Little recently penned a piece about the intersection of Scrum and technical debt titled “Scrum Hates Technical Debt.” I’m sure it does, but I think what he really means is that true Scrum hates technical debt.
Little very accurately points out that much of what passes for Scrum in today’s development world is little more than “the bosses” pushing software development through at the risk of software quality. As he sadly but correctly points out:
People are doing Scrum in an unprofessional way, and then are unhappy about it. And often want to blame Scrum.
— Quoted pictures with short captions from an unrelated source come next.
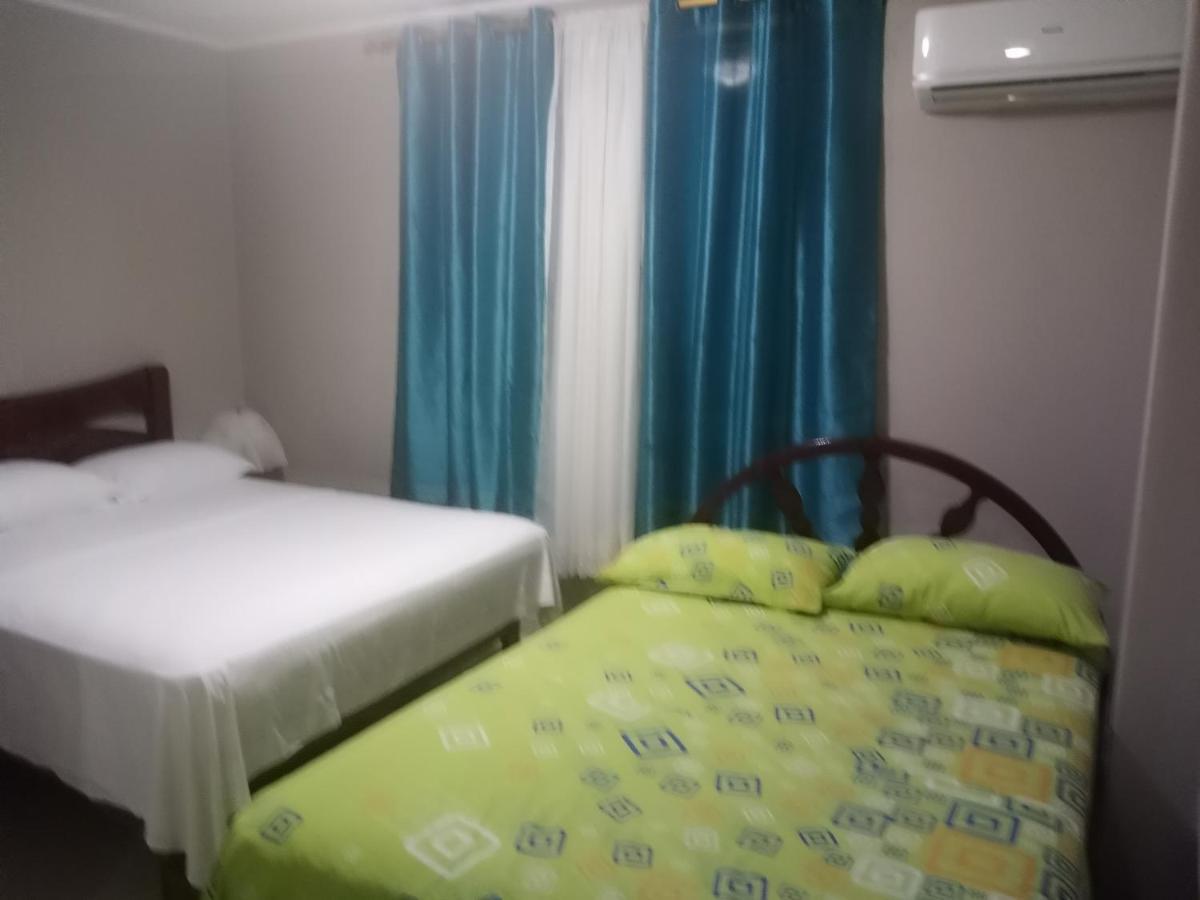 Hotel Premier Inn Manta Eksteriør billede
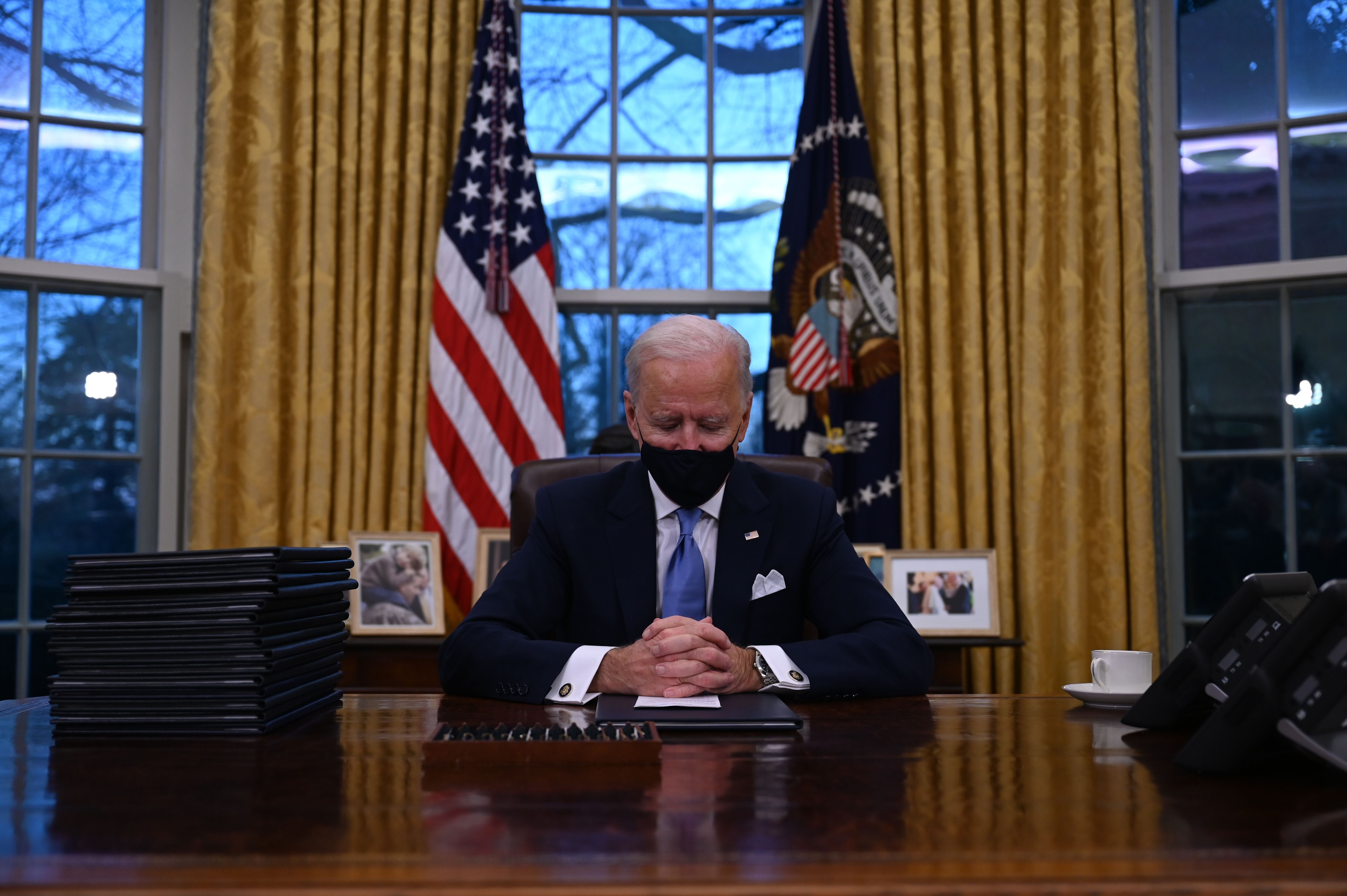 Biden: Trump dejó una carta “muy generosa” en la Oficina Oval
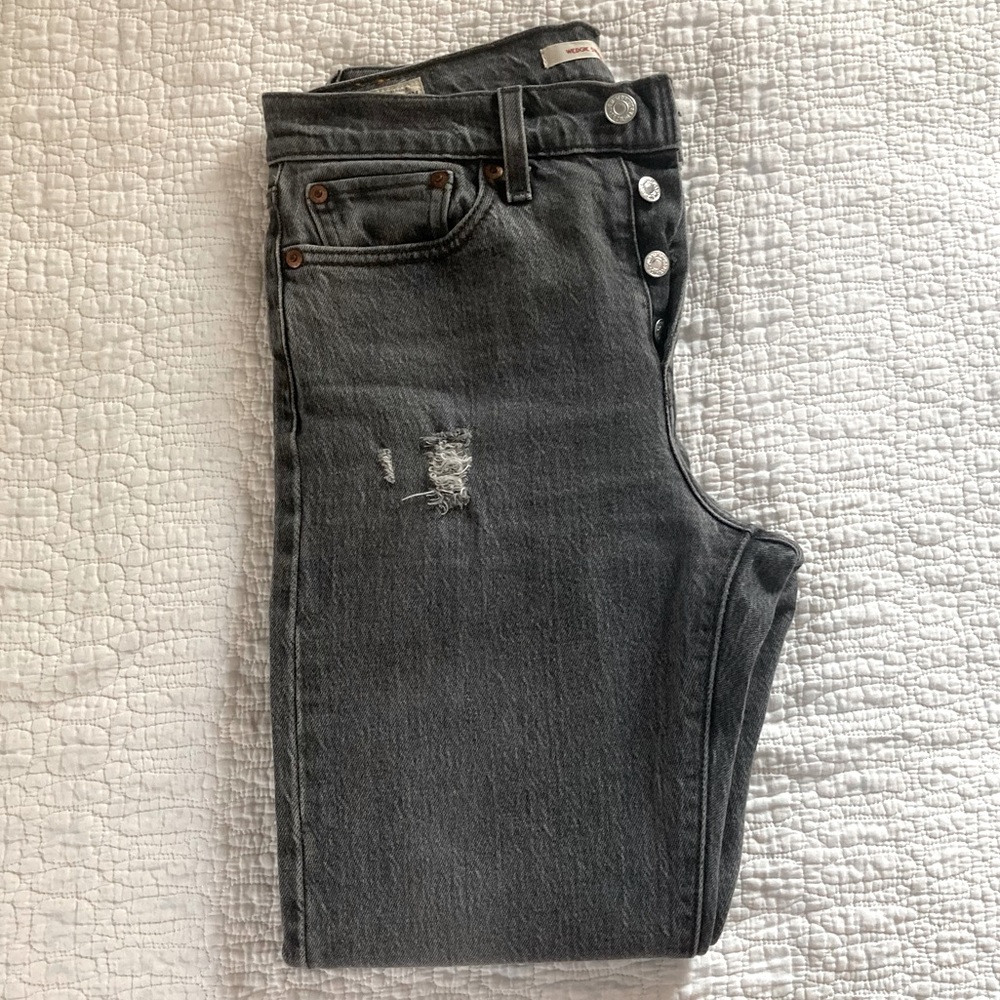 Levi’s wedgie, straight leg, distressed jeans, some stretch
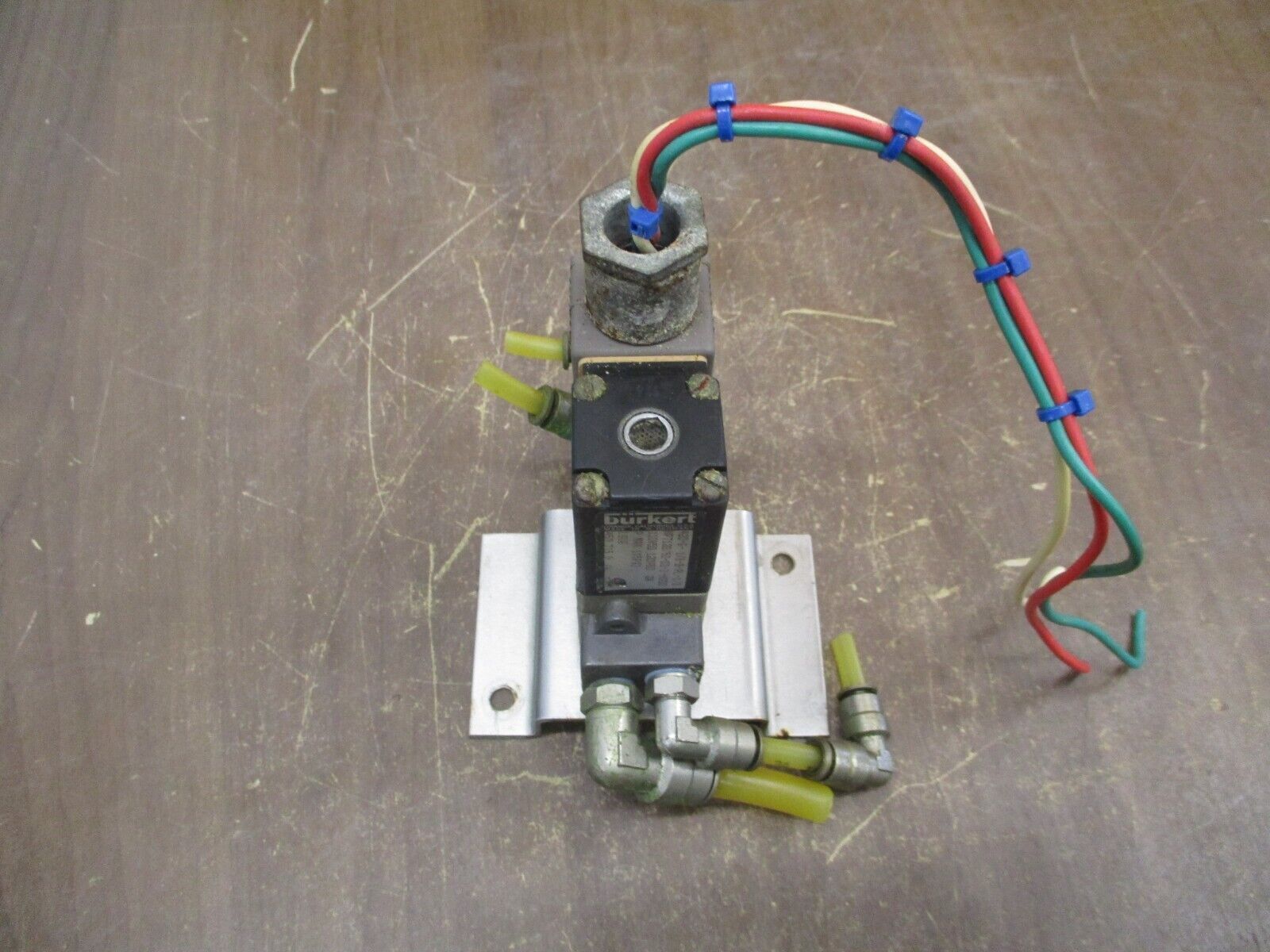 Burkert Solenoid Valve 420-G-1/8-B-PL-1/8 120V Coil 115PSI Used
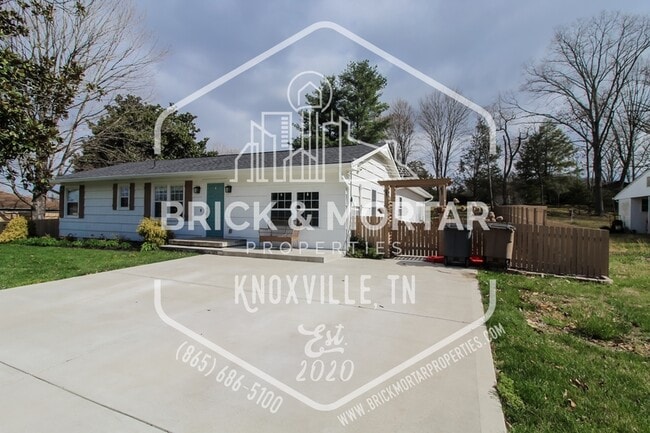 Photo - 1416 Myart Ln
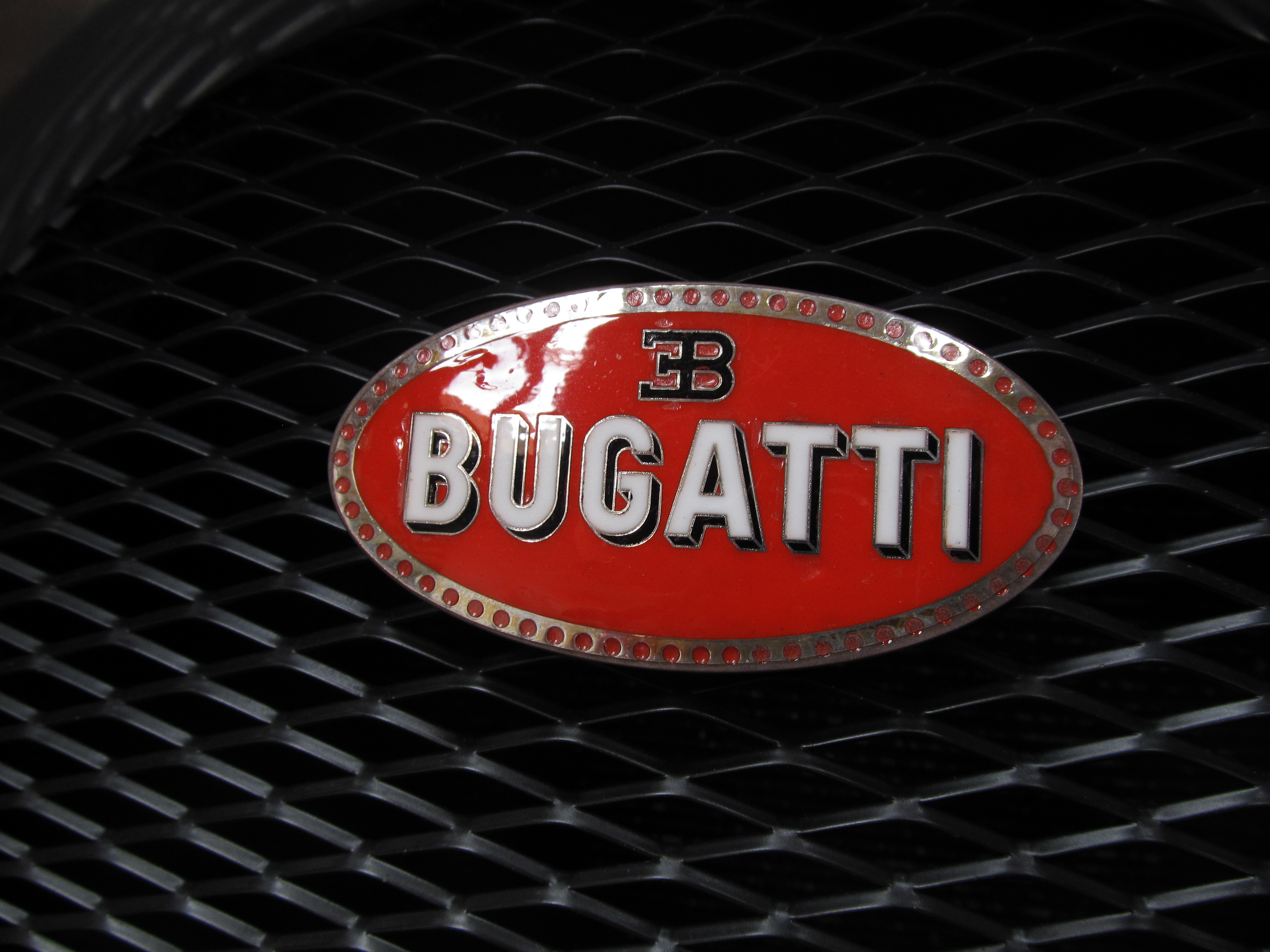 Detail Bugatti Emblem Nomer 7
As he further explains, Scrum is usually not the culprit in the building of technical debt and therefore does not deserve the bad rap it gets. The problem as he sees it is similar to my take on it. He says:
We engineers have to stop ‘going along’ when the business guys say ‘you have to skip that stuff and just get more features out the door’. We have to explain to them (and, to be fair to them, they don’t know the facts) how we are only hurting ourselves (the firm, say) and the customers by ‘going too fast’. We have to explain it many times.
Down and Confused
This is where I applaud Little. He is quite right that Scrum users need to resist when pushed to “just get it out the door.” It doesn’t matter what you are building – application software, houses, cars or picture frames – just getting it out the door results in problems with structural quality.
But it does more than that. While the structural quality may be a short-term issue, in the long term this “just get it done” attitude cultivates a fatalistic view among developers. If you pound into developers that the only thing that is important in creating software is getting it out the door, they will carry that languor and defeatist attitude throughout their careers…and will continue creating software as if quality doesn’t matter.
Little’s lament that this is a difficult problem to overcome and that in the end it is a problem that can only be solved by people, not by any tool or technique, is a very valid one. Overcoming technical debt in a Scrum-based setting has as much, if not more to do with overcoming a mindset of speed over quality at all costs as it does with any of the IDEs or testing tools used in the creation of the software.
What this all amounts to, though, is that the people on the business end need to be made to understand what’s at stake. While Little says “Scrum Hates Technical Debt,” though, it is through technical debt – or rather the monetizing of it – that developers can best get their message across.
A Rose in the Fisted Glove
Little, in his blog, defines technical debt as, “All the things that we did or did not do, that are “in” our current product, that make it hard for us to change it quickly.”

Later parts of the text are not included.